2. Modélisation de la fable

Nous allons maintenant essayer de généraliser notre exemple en le présentant de manière graphique.

Nous allons tout d’abord prendre l’hypothèse de deux fonctions d’aversion de risque croissantes pour deux agents et admettre que l’équivalent certain (EC) est un substitut à l’utilité (ce qui est acceptable ex ante).

On a donc :

Graphique 18 : Intérêt pour l’échange de risque en fonction de la préférence pour le risque
Graphique 18 : Intérêt pour l’échange de risque en fonction de la préférence pour le risque

Dans notre schéma, plus la pente de la courbe est aplatie et plus l’agent est risquophobe. À la diagonale, l’EC est égal à l’espérance, l’agent est indifférent au risque.

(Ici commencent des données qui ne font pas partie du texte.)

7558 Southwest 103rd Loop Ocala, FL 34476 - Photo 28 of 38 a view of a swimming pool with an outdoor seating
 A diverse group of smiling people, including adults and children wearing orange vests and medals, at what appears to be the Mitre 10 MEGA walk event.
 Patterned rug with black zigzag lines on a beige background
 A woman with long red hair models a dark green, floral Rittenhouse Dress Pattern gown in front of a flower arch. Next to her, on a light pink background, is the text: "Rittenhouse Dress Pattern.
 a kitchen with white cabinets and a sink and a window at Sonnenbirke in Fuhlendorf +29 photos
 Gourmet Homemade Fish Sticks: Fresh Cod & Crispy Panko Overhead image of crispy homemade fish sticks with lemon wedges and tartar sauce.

Dans notre construction, l’agent A est moins risquophobe que l’agent B.

À la droite X (qui pourrait être un projet d’investissement), il existe une différence (d) entre l’EC de A et celui de B. Les deux agents ont intérêt à échanger le risque et pourront se partager (d).

Ainsi pour peu que deux agents aient des fonctions de risque différentes, ils auraient intérêt à échanger le risque.

Prenons maintenant une hypothèse de deux fonctions identiques pour les deux agents. Ont-ils néanmoins intérêt à faire une transaction ?

On a :

Graphique 19 : Échange entre deux agents ayant la même préférence pour le risque
Graphique 19 : Échange entre deux agents ayant la même préférence pour le risque

Supposons que les agents décident de s’associer dans le projet moitié-moitié, c’est-à-dire qu’ils partagent le risque et la rentabilité à égalité. La droite B est l’investissement projeté, la droite A est l’investissement qui serait fait par chacun s’ils faisaient une association. Au point I, nous avons l’EC d’un agent s’il faisait seul l’investissement. L’intersection de la droite A (médiatrice du segment OB) avec la fonction d’aversion au risque représente l’EC de chacun des agents après association, soit P. Le point S est l’image de P sur la droite B par la transformation : OP égale à PS. S est l’EC cumulé des deux agents.

Le partage de risque a donc généré une augmentation d’utilité égale à (d).

Notons que dans nos deux exemples nous n’avons même pas pris en compte ce que Knight appelle la consolidation : c’est-à-dire le fait pour un preneur de risque de l’étaler sur un grand nombre de cas – technique typique de l’assurance. Les risques objectif et subjectif n’ont pas changé pour les agents.

Nous avons donc comme première conclusion que l’échange de risque au sens large, c’est-à-dire incluant échange et partage, produit dans tous les cas (pour peu que cela soit possible et que les coûts de transaction soient raisonnables) une amélioration de l’utilité des agents. Le risque joue en quelque sorte le rôle d’une réserve pour repousser plus loin la barrière de l’optimum de Pareto.